Wednesday, March 24, 2010

On matters of health

For some while my left hand has had an itch to grab a (virtual) pen and write a long diatribe on the wrongs of the American health system. I actually got to collection of statistics from sources such as Congressional Budget Organisation, planning the direction that I would take.

But I am not going to do this for the simple reason that it is pointless. No one "system" is any better than another. And if America wants to continue its massive strides toward social extinction why the F*** should I care?

The epiphany came from a single page comparative I read in a National Geographic (of all places) last weekend.
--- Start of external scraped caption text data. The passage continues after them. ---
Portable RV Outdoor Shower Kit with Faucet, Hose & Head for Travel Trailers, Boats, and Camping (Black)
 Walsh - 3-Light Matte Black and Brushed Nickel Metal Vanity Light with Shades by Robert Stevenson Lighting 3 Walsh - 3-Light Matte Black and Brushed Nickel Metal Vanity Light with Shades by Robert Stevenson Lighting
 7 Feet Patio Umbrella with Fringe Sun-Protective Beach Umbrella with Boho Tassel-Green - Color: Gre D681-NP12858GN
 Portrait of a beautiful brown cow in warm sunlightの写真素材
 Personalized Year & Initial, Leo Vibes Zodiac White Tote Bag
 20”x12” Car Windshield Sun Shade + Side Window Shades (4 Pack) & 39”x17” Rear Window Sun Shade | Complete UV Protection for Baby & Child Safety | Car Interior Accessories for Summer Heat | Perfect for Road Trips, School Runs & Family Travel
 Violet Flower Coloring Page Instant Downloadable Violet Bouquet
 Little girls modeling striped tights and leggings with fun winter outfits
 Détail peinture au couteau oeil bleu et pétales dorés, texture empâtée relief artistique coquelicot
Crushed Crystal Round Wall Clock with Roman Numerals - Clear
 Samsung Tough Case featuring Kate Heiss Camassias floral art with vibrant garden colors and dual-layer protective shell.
It comprised a short three paras, with a planomic showing health expenditure (total, not government funded alone) per head of population on one side with a line linking to average age expectancy at birth on the other.

I was looking at this and quickily found NZ (as I do) but for the life of me nowhere could I see the US! NZ was about 2/3s of the way down the page. Canada was above that, Britain further up again at about half way. No US. Then I found a red line that ended at about age 70, nearly opposite NZ on the spending side. It ran from there back up to the top printing margin on the left; US - $7,415 per head of population; printed in red which is why I did not see it immediately being very slightly red/green colour-blind.

What was not at all clear was whether this $7,415 php was the cost of providing medical services alone, or the "tax plus premiums" cost I had been seeking. From the data I have already dug out, I suspect it is the former. The true cost (tax and premiums paid to insurers) could well be higher again.

What I have learned through the exercise is that the American health system is all inclusive; it would cover dental (partially subsidised by the taxpayer in NZ), glasses (not subsidised), accident (covered separately from separate "tax") as well as basic health services (I pay the first $30 of every visit to the doctor).

So I can turn my back on the American health topic for good. America you are welcome to your unique (it is too, the only rich nation that does not provide universal health coverage) system.

TF, when you reach 65, will you be going on to Medicaid? Or will you continue working to pay your health insurance?

1 comment:

T. F. Stern said...

Probligo, The largest issue you fail to see is HOW things are done, not how much they cost. There are trigger words which defy the American spirit; one of them is Mandate. We associate that word with being subjects to government rather than being citizens who have government report to them. This one important issue may be the most important. The rest is just numbers on a page, something I leave to my wife or my accountant. Sorry no need for a discussion on accounting.